[[ RECORDS SUPPLIED open ]]
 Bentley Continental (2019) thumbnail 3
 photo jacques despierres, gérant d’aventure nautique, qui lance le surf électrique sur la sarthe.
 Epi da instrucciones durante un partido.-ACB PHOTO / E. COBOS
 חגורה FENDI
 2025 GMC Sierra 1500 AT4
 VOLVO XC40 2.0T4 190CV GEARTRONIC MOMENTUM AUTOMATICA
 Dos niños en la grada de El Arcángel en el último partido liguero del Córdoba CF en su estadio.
[[ RECORDS SUPPLIED closed ]]
[[ RECORDS SUPPLIED open ]]
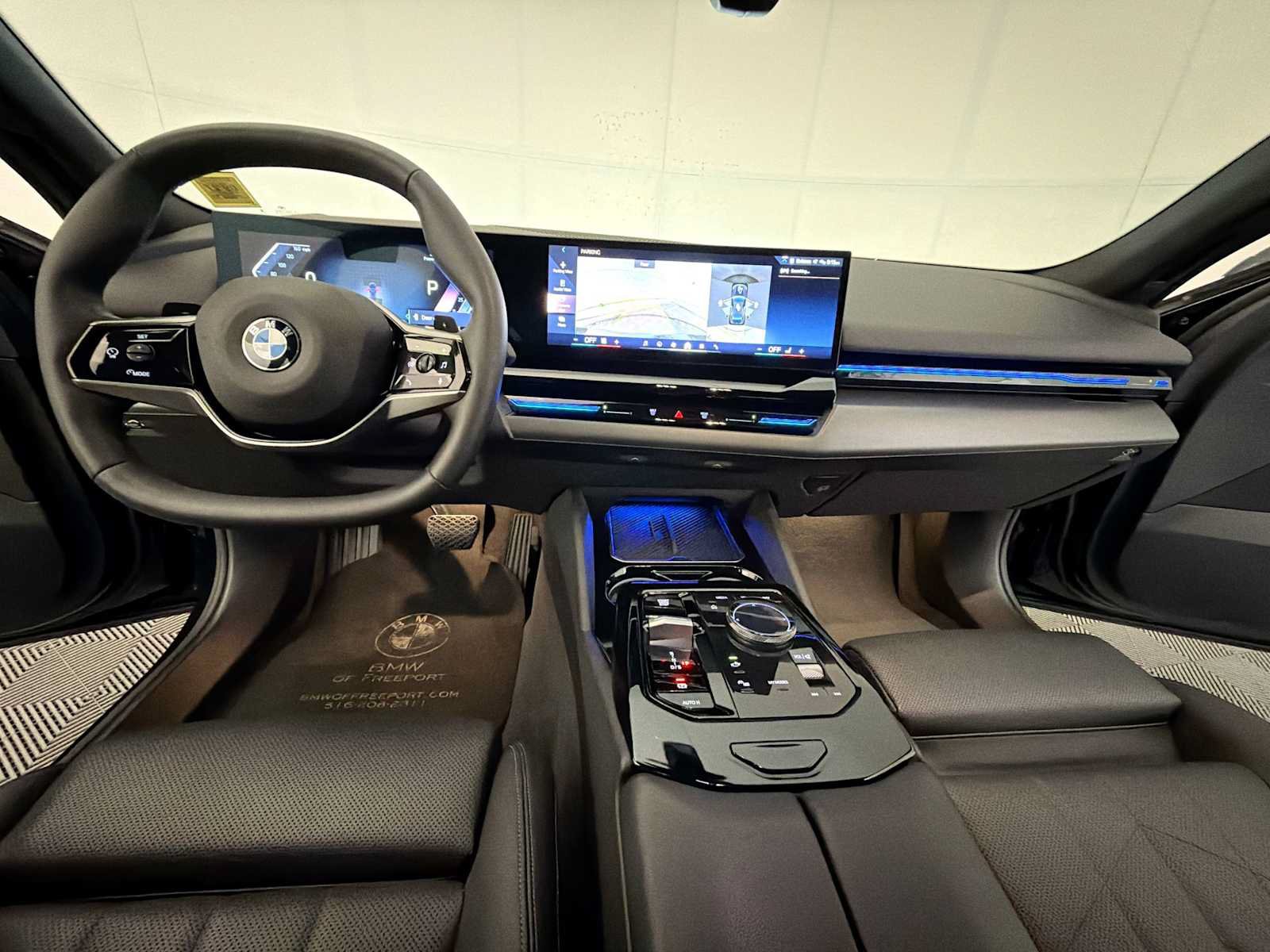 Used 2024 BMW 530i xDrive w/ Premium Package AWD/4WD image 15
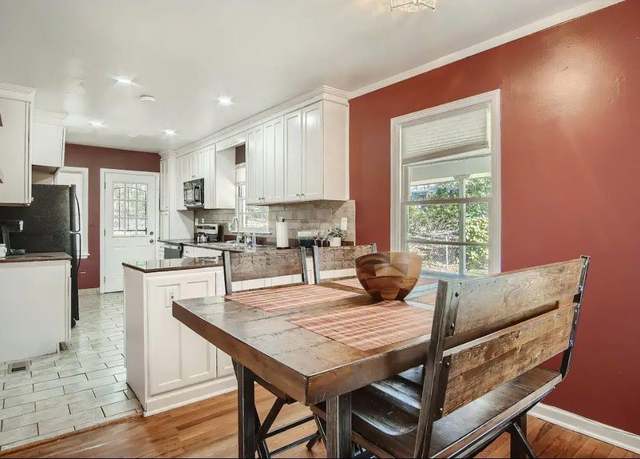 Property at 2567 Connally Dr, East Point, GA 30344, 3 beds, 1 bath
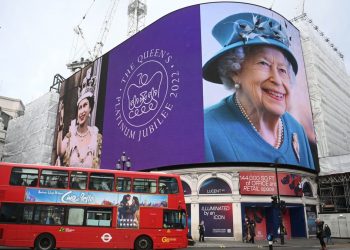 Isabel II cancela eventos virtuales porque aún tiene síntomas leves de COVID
[[ RECORDS SUPPLIED closed ]]
All lines above from the one containing "Used 2024 BMW" up to and including the one containing "Isabel II cancela" are to be set down exactly, and nothing else. Leave images out.

 Used 2024 BMW 530i xDrive w/ Premium Package AWD/4WD image 15
 Property at 2567 Connally Dr, East Point, GA 30344, 3 beds, 1 bath
 Isabel II cancela eventos virtuales porque aún tiene síntomas leves de COVID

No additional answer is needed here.